Traduções resolvem? Se o curso não pretende trabalhar com nada em língua inglesa, apenas traçar um panorama de sua literatura, a bibliografia traduzida é abundante, inclusive com algumas traduções disponíveis pela Internet.

Trabalhar com traduções, porém, não é a mesma coisa que trabalhar com os originais. O aluno estará, ao ler um texto traduzido, observando a visão do tradutor sobre o texto original, ou seja, há um filtro no processo. Não há necessidade, quando trabalhamos com textos em língua estrangeira, de lermos apenas os cânones. Existe a possibilidade, em conjunto com a disciplina de língua inglesa, de trabalharmos com versões simplificadas de clássicos ou novos autores, todos dentro de uma proposta “Easy Readers” (leituras simplificadas). Essas leituras podem ser trabalhadas do começo ao fim do curso, obedecendo ao nível médio da turma. Acostumando-os a ler em inglês desde o começo (apesar das muitas dificuldades, as quais os alunos fazem questão de nos apontar diariamente), podemos ter a esperança que muitos, por conta própria, se entusiasmem a ler os originais na íntegra.

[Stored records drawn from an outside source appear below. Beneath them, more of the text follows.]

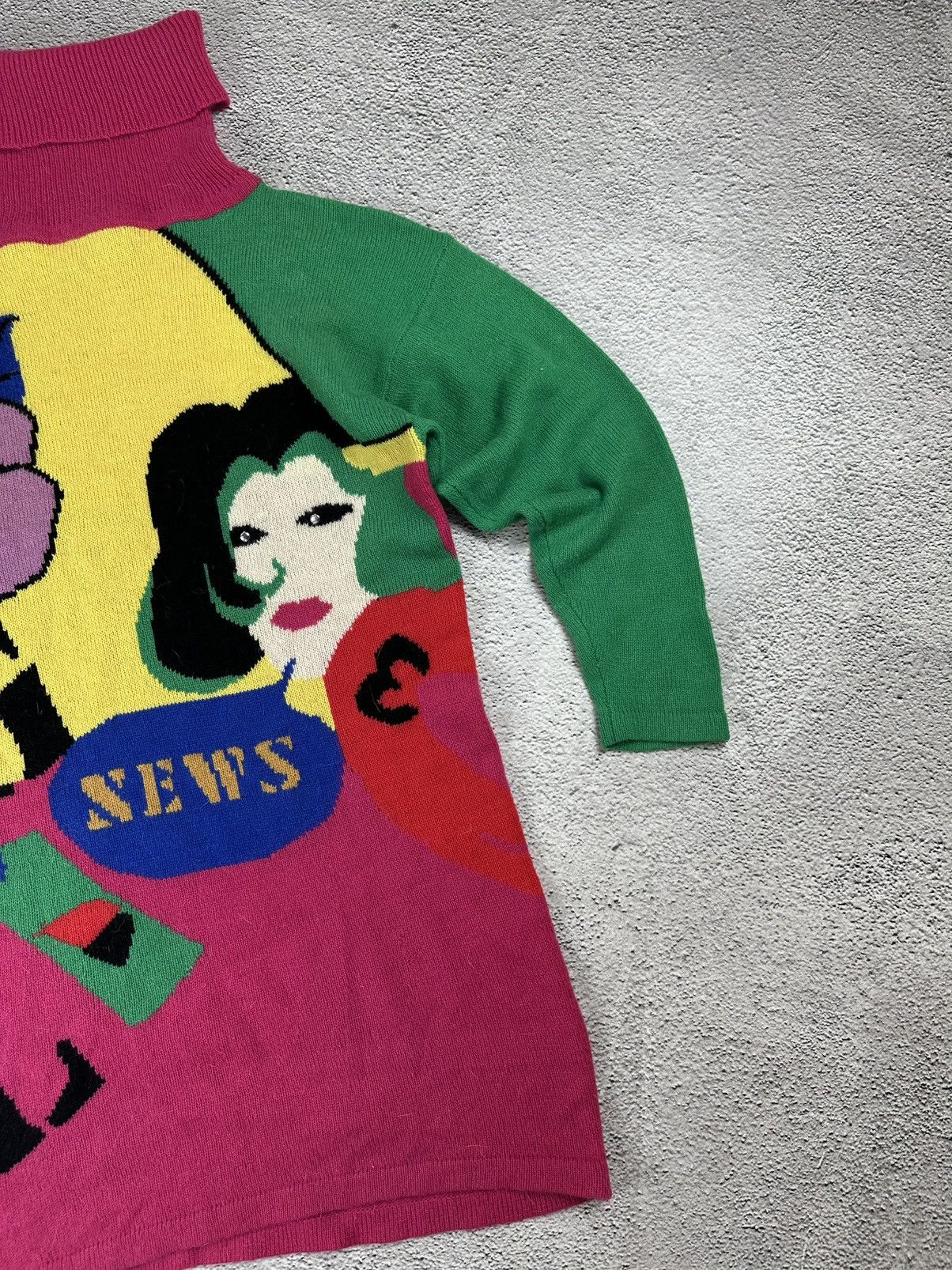 Hysteric Glamour Graph Line 80s Bold Graphic Knit Sweater Tunic Art Colorful Size M / US 6-8 / IT 42-44 - 6 Thumbnail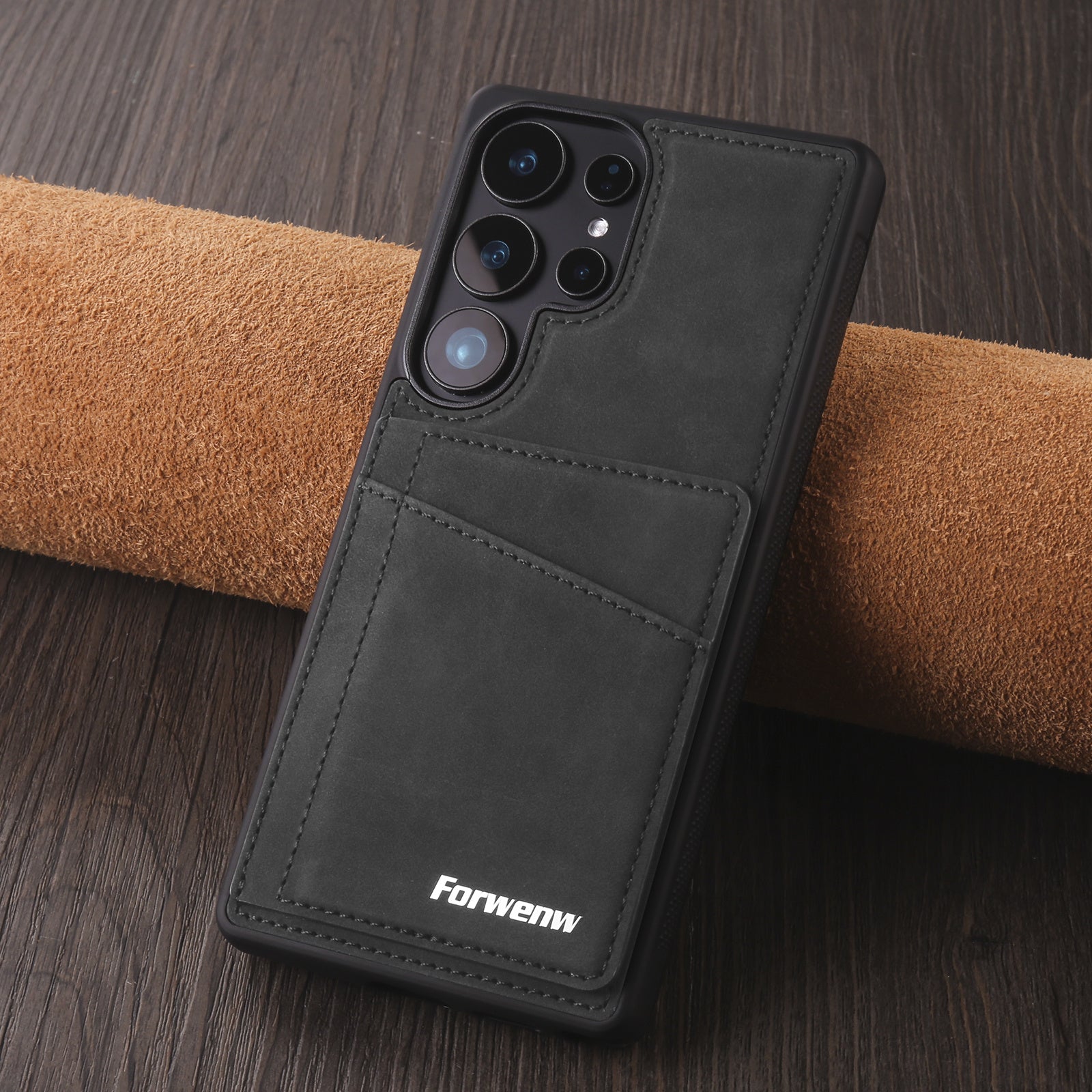 SecureFold Pro – RFID Blocking Leather Wallet Case for Galaxy S Series
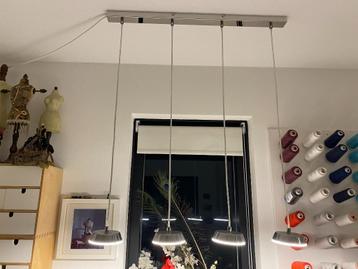 Te Koop: Zilverkleurige plafond hanglamp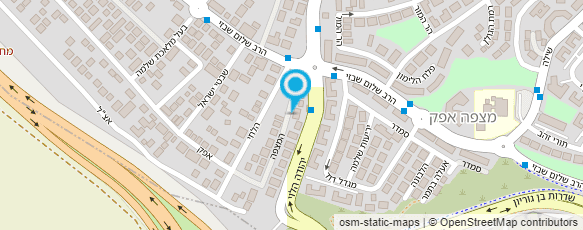 מפת הגעה אל מסיעי ראש העין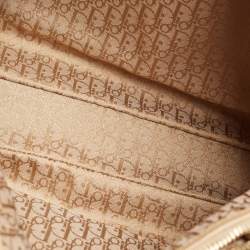 Pre Owned Dior Beige Cannage Leather Large Soft Lady Dior Tote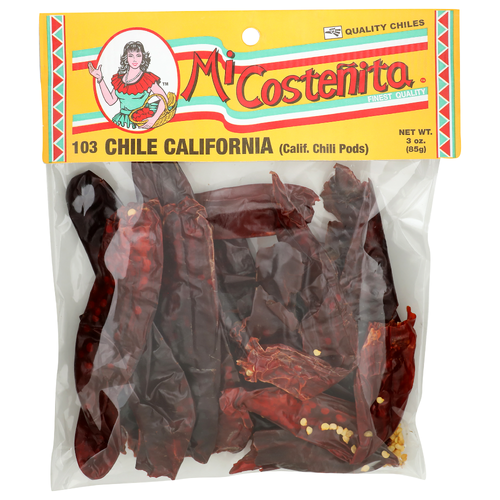 MI COSTENITA Chile California Calif. Chili Pods - 3 Ounce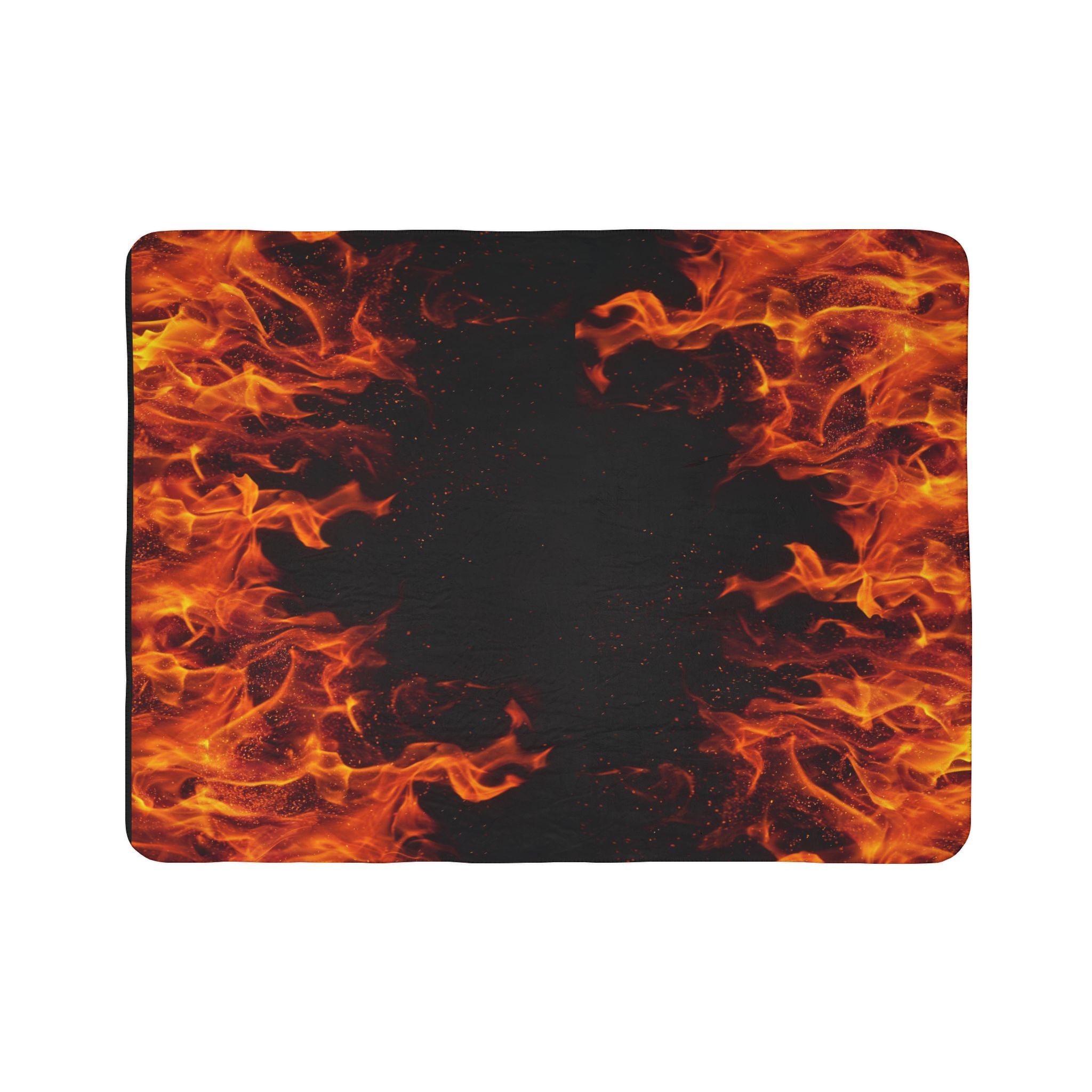 Cozy Flaming Fleece Sherpa Blanket, Perfect for Movie Nights, Camping, Home Decor, Gift for Him, Cozy Winter Accessory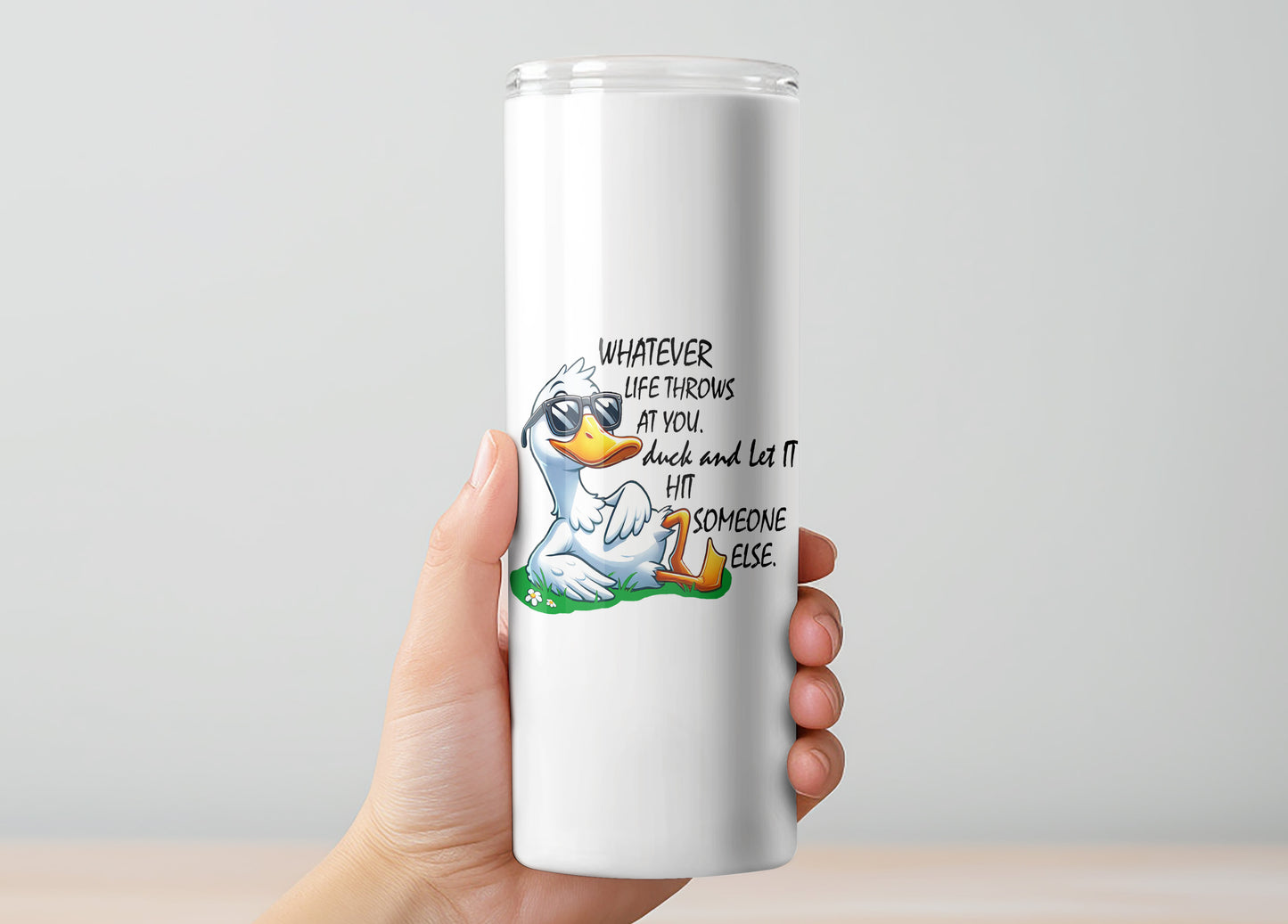 Whatever Life Throws at you Tumbler, Insulated Tumbler with Lid & Metal Straw – 15oz, 20oz, 30oz – Hot and Cold Travel Mug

Disponibilidade da bibliografia Encontrar originais ou versões simplificadas de obras literárias estrangeiras, na língua original, em bibliotecas públicas, não é das tarefas mais fáceis. Poucas bibliotecas dispõem desse tipo de acervo. Atualmente, no entanto, podemos encontrar diversos sites com esse tipo de material na Internet. Cito como exemplo o excelente site de poesias “plagiarist” (http://www.plagiarist.com), onde os alunos e professores podem baixar centenas de obras a custo zero e o projeto Gutenberg (http://www.promo.net/pg), com milhares de livros disponíveis on-line, em várias línguas (português inclusive). O custo de impressão é caro, mas ter contato com obras originais é muito importante. Esses sites servem como fonte de consulta, também, para a atualização dos professores.

Campo profissional Os alunos perguntam, assim que começam a fazer estágio, onde podem estagiar em literatura estrangeira. Descobrem, nesse momento, que quase nenhuma escola ministra essa disciplina, ou seja, não conseguem estágio e nem aulas no futuro. Já que não há como fazer estágio externo, o professor deve sugerir trabalhos valendo como estágio interno. Uma das atividades que parecem render bem é o trabalho com temas. Escolhemos, certa vez, o tema da literatura infanto-juvenil de aventura. Os alunos deveriam selecionar todos os autores, não importando a época, que tiveram suas obras adaptadas para o cinema, televisão, teatro ou quadrinhos. Cada grupo ficava responsável

por um autor e traçava um paralelo entre a obra original e suas adaptações. Foram levantados semelhanças e diferenças, julgadas quais adaptações melhor se comparavam ao original e quais estavam mais atualizadas para os dias de hoje, mantendo o “espírito” da original. A proposta seguinte, que infelizmente não se concretizou devido às mudanças na matriz curricular, era o trabalho com livros de terror. Esses trabalhos também podem servir como base para festas temáticas como o Halloween e outras, além de apresentações nas semanas de Letras. Servirão para lembrar as origens de determinadas festas ou crenças e explicarão porque algumas adaptações fazem tanto sucesso (além de explicar que muitos filmes são adaptações, algo que muitos desconhecem). Considerações finais É bom que fique claro desde o começo, para os alunos, que literaturas de língua estrangeira são um complemento cultural ao aprendizado da língua. Poucos poderão se dedicar ao seu ensino, mas todos podem se deliciar com o prazer da leitura. E esse prazer, parece-nos, perdeu-se um pouco nos cursos de Letras, nos quais temos ouvido alunos se queixando que “tem que ler” (sic). Ele precisa ser resgatado e incentivado. O futuro professor de língua estrangeira deve ter um background sobre a literatura dos falantes daquele idioma para futuras referências aos seus alunos, para poder trabalhar com leituras simplificadas em sala de aula, para ter o prazer de entender piadas, citações e músicas.